Nowadays, the methodologies of top-down design and bottom-up verification are well accepted standards in the world of digital design. But this wasn't always the case. Prior to the availability of hardware description languages (HDLs), when designs weren't as complex, there was no pressing need for top-down design techniques. Back then, it was actually possible to go to the detailed transistor design immediately after the release of the system specification.
Today, the top-down technique enables a methodical and systematic approach to complex designs. The methodology allows system-level design flaws to be exposed much earlier in the process, when they're much easier and less expensive to correct.
The same issues that forced digital design into top-down techniques are now pushing analog design in the same direction. In addition to becoming far more complex, today's analog designs frequently contain substantial mixed-signal circuitry, involving increased two-way interaction between the analog and digital portions. System-on-a-chip (SoC) devices feature increasingly more analog components like analog-to-digital converters (ADCs), digital-to-analog converters (DACs), phase-locked loops (PLLs), and adaptive filters—all of which are driving the demand for improved design methodologies.
Typically, analog and digital subsystems are created in isolation and never meet until IC layout. Furthermore, they're not tested together until the silicon returns from fabrication. Obviously, at this point, it becomes ex-tremely expensive to find an inverted bus signal or a faulty interaction between the analog and digital portions.
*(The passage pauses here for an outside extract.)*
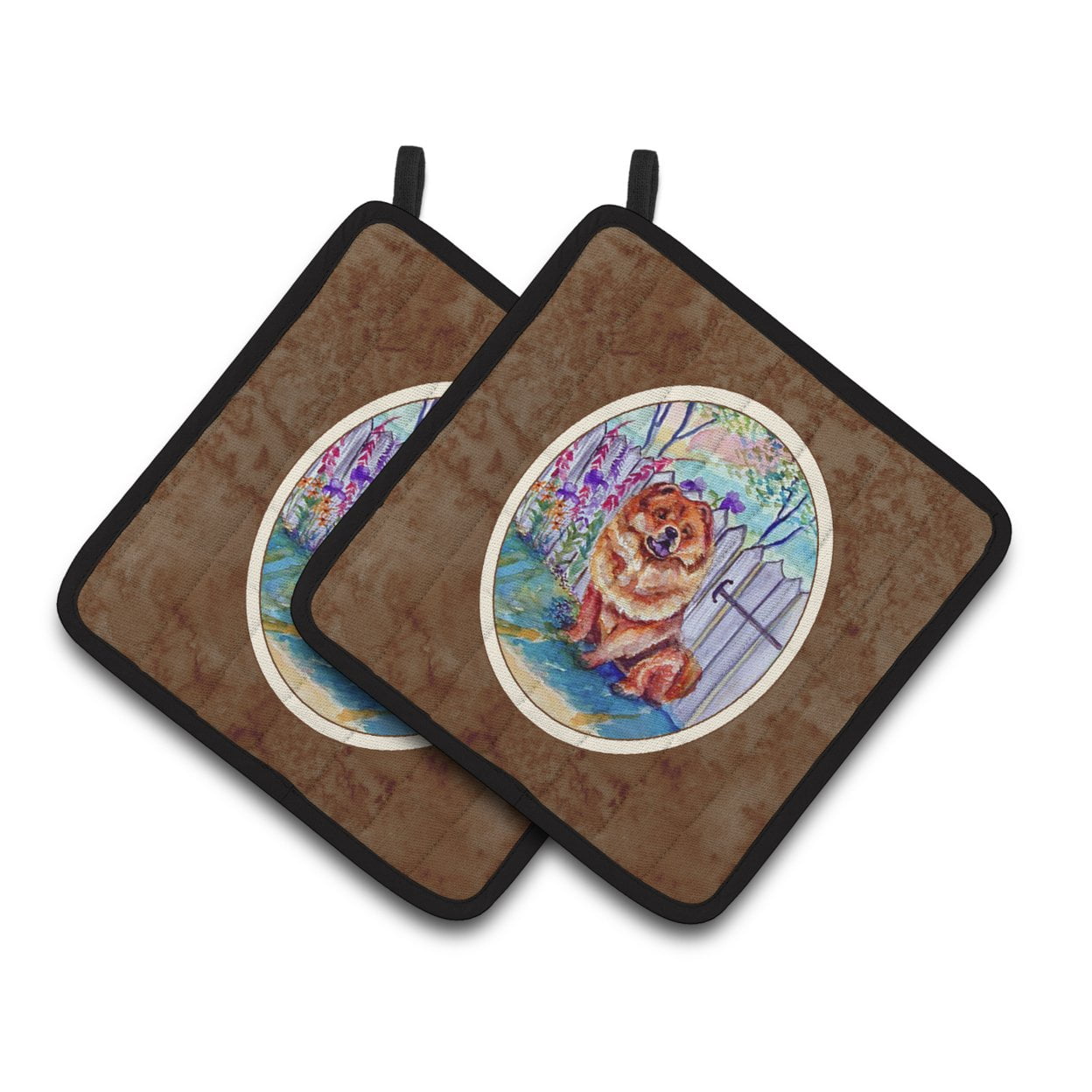 Carolines Treasures 7210PTHD Chow Chow Pair of Pot Holders , 7.5HX7.5W, multicolor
An infinitely superior solution is to simulate the entire system before going to IC layout by using bottom-up verification techniques.
The primary problem hindering the change to analog top-down design and bottom-up verification has been the lack of tool support for the design process between system-level specification and transistor-level implementation, as well as between transistor implementation and chip fabrication. These missing tools are commonly referred to as "The Gap."
The overview of automated design for both digital and mixed-signal branches is depicted in Figure 1. Each branch progresses in incremental steps from specification through transistor implementation to fabrication. Because it's more fully developed, the digital branch flows smoothly from start to finish, with adequate tools in place to support each phase of development. In contrast, the mixed-signal branch is subject to a number of missing tools, as highlighted by the Gap.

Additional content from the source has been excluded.